Einige aus der Gemeinde fühlten sich nun aber angesichts dieser Aussagen doch sehr provoziert und sie sagten deshalb zu Jesus: „Wie kannst du deine Kirche so kritisieren? Wir tun doch alles dafür, dass sie Bestand hat; dass deine Lehre unverfälscht weitergegeben wird und dass in den Gottesdiensten für alle eine einheitliche Ordnung und so auch eine spürbare Gemeinschaft weltweit erreicht wird.“ Doch Jesus antwortete ihnen: „Reißt den Tempel eurer starren Strukturen nieder. Ich möchte mit euch eine lebendige Kirche aufbauen; eine Kirche, die nicht um sich selbst kreist, sondern ihre Aufgabe darin sieht, die Menschen meine Gegenwart und Nähe erleben zu lassen. Eine Kirche, die die Menschen aufweckt und ihnen dabei hilft, nach dem Willen Gottes in ihrem Leben zu fragen. Eine Kirche, die ihre eigenen Ordnungen und Gesetze immer wieder an meinem Evangelium misst und eine Kirche, deren Verantwortliche nicht Herren über den Glauben, sondern Helfer zur Freude sind. Lasst uns miteinander eine Verkündigung aufbauen, die begeistert und mitreißt, die Menschen aufhorchen lässt und sie neugierig macht auf meine Botschaft. Eine Verkündigung, die Zaghafte ermutigt, Niedergeschlagene tröstet und schuldig Gewordene befreit. Lasst die Gottesdienste nicht Pflichtversammlungen sein, sondern frohe und bewegende Feste. Gottesdienste, in denen Menschen sich zuhause fühlen, weil sie die Sprache verstehen und sie mit ihren Anliegen darin vorkommen. Lasst es Gottesdienste sein, aus denen Menschen gestärkt herausgehen und im Bewusstsein, dass Gott mit ihnen ist, ihren Alltag angehen.“
Da sagten all jene, die durch die Kritik Jesu verunsichert waren: „Aber Meister, jahrhundertelang haben Menschen an den Strukturen der Kirche gebaut, den Glauben nach bestem Wissen und Gewissen in Dogmen und Lehrsätzen formuliert und durch klare Vorschriften den Gottesdienst vor Missbrauch geschützt.
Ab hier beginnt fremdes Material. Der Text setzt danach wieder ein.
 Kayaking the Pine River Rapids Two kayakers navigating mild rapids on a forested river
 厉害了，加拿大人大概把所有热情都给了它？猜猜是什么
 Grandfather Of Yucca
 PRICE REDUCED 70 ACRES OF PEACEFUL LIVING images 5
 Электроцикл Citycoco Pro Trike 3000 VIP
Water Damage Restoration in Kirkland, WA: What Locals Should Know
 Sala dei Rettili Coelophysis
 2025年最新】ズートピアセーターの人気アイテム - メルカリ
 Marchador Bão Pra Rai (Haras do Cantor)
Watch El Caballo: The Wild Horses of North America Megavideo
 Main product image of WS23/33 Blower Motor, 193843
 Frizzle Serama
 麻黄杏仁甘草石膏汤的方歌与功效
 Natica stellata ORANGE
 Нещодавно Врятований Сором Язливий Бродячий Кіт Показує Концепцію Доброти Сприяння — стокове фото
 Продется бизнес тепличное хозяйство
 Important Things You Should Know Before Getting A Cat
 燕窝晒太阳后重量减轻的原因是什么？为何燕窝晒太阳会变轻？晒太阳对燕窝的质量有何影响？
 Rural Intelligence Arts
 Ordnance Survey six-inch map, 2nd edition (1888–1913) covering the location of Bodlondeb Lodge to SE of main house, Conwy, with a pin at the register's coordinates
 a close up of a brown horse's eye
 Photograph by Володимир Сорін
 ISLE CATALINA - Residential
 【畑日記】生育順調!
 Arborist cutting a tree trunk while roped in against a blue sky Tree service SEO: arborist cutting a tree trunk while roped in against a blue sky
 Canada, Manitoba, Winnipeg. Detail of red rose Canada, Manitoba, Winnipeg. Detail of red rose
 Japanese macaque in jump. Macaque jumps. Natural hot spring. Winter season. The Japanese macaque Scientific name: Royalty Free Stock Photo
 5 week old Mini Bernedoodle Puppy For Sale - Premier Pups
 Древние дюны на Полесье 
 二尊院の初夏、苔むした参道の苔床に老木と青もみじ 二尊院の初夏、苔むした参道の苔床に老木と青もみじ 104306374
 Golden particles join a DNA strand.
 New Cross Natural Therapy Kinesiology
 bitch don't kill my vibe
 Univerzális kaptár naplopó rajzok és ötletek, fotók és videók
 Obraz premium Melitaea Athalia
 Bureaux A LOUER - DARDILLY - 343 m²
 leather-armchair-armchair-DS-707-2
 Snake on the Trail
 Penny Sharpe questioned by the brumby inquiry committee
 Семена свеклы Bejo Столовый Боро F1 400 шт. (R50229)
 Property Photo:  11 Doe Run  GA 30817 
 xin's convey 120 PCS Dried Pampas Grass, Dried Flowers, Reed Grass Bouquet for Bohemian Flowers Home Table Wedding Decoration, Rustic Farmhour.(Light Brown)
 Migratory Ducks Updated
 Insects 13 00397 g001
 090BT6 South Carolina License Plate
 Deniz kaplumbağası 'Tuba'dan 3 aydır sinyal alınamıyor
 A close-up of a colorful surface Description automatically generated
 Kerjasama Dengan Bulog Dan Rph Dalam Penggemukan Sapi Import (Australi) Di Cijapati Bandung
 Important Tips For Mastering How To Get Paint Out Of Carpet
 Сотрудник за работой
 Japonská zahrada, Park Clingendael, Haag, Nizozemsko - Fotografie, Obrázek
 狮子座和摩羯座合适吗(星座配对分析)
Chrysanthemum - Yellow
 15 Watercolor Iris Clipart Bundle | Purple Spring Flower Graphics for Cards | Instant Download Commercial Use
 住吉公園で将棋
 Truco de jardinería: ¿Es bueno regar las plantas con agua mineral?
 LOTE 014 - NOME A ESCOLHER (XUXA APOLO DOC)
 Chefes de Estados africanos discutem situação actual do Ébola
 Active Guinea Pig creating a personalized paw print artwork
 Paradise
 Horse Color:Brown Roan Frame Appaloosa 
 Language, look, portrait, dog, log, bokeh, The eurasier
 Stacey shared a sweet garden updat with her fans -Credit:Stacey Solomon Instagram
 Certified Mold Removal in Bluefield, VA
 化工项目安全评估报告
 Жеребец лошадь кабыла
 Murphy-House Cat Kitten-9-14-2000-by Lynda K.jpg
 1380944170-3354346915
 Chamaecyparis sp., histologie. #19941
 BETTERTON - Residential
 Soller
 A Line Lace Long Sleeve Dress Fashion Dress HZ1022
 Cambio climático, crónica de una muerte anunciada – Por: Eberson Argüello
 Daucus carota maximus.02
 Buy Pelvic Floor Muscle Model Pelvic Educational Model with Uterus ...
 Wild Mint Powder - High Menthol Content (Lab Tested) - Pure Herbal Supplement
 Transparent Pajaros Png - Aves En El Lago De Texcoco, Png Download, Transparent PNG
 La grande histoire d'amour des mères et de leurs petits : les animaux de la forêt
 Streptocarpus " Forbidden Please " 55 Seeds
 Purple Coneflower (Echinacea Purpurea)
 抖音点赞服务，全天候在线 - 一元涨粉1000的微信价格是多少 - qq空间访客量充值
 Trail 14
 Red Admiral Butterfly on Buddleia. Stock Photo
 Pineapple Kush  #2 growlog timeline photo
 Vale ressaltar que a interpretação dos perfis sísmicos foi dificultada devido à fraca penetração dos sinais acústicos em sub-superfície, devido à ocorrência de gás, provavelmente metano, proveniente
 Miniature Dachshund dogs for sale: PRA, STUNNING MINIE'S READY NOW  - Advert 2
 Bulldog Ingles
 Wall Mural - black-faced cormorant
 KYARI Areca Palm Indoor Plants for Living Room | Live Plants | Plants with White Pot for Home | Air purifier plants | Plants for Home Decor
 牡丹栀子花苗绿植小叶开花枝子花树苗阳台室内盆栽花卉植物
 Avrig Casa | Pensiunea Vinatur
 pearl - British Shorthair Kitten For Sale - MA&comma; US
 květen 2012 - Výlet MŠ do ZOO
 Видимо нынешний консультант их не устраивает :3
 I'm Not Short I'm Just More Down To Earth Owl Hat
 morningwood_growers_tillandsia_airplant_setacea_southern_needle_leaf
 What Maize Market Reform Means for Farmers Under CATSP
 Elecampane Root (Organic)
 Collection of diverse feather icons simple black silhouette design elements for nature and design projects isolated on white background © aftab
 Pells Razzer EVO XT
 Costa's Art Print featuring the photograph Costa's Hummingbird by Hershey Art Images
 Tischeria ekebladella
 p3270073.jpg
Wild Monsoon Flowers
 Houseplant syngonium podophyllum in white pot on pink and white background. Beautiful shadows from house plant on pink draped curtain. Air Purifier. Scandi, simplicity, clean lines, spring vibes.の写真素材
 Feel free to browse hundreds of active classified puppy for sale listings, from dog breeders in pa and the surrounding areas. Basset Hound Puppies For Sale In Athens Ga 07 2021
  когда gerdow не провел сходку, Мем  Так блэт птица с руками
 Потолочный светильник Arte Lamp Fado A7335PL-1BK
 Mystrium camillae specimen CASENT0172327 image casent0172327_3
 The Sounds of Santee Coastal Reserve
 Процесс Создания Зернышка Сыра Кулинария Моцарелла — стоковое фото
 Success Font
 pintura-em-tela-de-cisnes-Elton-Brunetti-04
Und das alles willst du wieder verändern und umgestalten; das alles willst du erneuern?“
Er aber wollte doch nichts anderes, als mit seinen Worten der Kirche und ihrer Verkündigung genau die Frische und Freude zurückzugeben, die so viele in ihr und ihren Gottesdiensten vermissten. Er wollte nichts anderes, als jede und jeden einzuladen, nicht fernzubleiben, sondern lebendige Bausteine seiner Kirche zu werden. Er wollte nichts anderes, als dass seine Güte und Menschenfreundlichkeit, seine Weite und Offenheit auch heute für die Menschen zu spüren sind.
Und siehe da: Es kamen tatsächlich wieder viele zum Glauben an ihn, als sie ihn so reden hörten und sie bei sich selbst plötzlich entdeckten, welch heilsame und welch befreiende Kraft doch in seiner Botschaft wirklich steckt. Amen.